-- Opening Marker --

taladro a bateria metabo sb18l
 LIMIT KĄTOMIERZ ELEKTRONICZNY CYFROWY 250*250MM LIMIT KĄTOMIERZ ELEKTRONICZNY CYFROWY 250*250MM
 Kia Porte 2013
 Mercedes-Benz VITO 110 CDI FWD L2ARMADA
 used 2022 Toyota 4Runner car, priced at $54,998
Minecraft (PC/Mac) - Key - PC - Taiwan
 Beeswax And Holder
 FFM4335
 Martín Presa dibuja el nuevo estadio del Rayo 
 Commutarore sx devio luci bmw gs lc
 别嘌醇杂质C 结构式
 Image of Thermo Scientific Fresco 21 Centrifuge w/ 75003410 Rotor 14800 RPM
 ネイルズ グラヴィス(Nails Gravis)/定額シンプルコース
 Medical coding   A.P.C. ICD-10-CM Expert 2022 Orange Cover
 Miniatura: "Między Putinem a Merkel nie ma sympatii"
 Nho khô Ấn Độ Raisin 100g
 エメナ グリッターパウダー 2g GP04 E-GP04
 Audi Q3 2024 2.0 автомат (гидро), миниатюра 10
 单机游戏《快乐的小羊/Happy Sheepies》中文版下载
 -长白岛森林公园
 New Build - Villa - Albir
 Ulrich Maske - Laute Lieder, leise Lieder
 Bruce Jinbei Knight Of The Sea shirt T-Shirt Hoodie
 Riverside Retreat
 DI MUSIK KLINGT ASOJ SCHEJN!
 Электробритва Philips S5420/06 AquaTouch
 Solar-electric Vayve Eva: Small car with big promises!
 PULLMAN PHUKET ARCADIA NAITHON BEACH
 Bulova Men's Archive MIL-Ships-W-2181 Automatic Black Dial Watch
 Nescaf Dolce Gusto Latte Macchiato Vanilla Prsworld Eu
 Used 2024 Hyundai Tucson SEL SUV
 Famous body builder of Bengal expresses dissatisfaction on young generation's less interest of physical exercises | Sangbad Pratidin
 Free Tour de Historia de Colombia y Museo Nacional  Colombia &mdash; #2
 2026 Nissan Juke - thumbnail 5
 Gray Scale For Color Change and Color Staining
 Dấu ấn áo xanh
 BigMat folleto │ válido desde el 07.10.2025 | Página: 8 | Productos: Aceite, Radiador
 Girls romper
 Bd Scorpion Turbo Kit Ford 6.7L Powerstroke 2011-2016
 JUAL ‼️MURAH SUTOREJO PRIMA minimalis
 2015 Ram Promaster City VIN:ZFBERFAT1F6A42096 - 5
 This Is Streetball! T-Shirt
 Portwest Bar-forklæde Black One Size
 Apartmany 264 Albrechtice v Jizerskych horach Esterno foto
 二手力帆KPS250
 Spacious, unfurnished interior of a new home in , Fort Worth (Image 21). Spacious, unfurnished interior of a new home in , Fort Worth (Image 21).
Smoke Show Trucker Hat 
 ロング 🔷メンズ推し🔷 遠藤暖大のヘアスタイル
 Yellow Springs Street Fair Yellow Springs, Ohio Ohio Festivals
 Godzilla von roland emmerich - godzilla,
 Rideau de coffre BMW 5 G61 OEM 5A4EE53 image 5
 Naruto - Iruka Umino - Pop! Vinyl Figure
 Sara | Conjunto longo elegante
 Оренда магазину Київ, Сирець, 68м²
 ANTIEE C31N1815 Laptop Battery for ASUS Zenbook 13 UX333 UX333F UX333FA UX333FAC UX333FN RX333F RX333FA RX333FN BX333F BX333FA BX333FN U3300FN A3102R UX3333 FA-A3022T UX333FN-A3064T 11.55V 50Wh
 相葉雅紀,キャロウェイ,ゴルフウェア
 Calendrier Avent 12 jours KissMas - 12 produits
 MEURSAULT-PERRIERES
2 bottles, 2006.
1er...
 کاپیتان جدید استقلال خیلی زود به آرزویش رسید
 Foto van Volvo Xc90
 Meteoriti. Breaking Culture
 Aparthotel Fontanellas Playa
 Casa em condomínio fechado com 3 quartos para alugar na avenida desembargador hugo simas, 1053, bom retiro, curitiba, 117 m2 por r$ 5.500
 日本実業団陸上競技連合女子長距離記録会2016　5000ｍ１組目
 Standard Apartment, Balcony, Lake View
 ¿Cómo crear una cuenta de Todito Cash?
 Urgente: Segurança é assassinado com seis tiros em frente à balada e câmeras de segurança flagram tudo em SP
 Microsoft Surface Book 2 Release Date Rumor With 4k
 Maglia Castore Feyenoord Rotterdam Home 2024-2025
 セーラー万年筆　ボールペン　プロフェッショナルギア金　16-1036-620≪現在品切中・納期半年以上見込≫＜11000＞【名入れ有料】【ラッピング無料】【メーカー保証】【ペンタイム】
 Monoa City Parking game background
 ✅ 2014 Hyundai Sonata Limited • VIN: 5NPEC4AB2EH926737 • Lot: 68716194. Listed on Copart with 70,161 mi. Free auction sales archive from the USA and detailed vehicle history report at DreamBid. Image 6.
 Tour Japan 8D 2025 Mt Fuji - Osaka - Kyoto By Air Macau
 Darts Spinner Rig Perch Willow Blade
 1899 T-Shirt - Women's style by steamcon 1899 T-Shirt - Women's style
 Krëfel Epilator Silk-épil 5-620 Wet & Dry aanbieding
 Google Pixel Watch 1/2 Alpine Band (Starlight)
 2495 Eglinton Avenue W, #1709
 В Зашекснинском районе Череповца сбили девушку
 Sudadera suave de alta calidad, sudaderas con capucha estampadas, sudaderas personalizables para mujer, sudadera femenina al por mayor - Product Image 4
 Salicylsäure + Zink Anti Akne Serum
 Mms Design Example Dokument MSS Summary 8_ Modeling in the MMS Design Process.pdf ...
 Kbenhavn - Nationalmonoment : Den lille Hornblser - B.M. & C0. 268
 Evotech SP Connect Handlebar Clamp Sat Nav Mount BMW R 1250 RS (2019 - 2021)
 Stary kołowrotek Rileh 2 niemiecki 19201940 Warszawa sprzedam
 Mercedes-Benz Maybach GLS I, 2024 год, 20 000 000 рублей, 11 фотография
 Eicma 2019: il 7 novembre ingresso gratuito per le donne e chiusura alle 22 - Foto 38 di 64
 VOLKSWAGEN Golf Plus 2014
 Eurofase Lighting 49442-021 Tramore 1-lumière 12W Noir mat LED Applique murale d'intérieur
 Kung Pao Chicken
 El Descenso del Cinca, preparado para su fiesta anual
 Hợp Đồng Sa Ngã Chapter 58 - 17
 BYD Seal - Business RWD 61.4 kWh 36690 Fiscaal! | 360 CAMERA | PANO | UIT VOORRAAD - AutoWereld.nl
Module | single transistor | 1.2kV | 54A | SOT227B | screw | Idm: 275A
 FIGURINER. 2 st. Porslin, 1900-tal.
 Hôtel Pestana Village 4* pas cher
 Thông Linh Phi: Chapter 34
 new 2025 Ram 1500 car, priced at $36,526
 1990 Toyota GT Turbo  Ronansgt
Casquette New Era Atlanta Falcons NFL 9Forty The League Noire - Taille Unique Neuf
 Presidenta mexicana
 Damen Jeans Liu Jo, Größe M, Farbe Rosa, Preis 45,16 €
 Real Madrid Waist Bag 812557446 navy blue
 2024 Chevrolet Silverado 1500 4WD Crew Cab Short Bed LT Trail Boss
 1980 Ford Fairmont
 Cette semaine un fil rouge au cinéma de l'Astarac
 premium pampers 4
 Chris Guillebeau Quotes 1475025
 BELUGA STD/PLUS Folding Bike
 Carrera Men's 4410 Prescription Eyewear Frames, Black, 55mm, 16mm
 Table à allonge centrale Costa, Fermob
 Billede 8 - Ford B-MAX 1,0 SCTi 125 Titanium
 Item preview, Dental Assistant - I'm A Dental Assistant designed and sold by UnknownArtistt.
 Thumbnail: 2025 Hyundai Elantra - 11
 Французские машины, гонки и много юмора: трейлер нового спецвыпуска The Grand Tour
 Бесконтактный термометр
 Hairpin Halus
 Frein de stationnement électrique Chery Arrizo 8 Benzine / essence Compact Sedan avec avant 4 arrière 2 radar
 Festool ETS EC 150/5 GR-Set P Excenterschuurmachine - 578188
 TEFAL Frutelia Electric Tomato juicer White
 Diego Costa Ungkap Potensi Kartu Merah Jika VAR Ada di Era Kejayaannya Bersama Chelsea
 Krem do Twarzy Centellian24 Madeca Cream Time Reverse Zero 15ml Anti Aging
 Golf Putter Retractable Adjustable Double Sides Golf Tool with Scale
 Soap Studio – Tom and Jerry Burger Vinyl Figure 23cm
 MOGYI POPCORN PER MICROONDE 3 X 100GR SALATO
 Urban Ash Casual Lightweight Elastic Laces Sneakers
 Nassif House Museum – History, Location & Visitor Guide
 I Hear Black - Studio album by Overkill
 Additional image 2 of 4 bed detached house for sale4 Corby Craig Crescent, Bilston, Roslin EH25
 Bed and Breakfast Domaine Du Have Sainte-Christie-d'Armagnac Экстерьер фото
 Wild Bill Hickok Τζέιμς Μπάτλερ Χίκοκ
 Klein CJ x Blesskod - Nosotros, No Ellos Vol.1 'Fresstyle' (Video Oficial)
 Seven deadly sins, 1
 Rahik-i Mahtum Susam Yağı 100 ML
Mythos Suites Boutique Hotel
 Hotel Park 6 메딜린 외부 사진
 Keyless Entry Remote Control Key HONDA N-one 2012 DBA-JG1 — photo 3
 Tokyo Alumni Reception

-- Closing Marker --

» WORK INSTRUCTION: From the records, copy out each line that includes the string "Free".

» WRITTEN ANSWER:
 Free Tour de Historia de Colombia y Museo Nacional  Colombia &mdash; #2
 ✅ 2014 Hyundai Sonata Limited • VIN: 5NPEC4AB2EH926737 • Lot: 68716194. Listed on Copart with 70,161 mi. Free auction sales archive from the USA and detailed vehicle history report at DreamBid. Image 6.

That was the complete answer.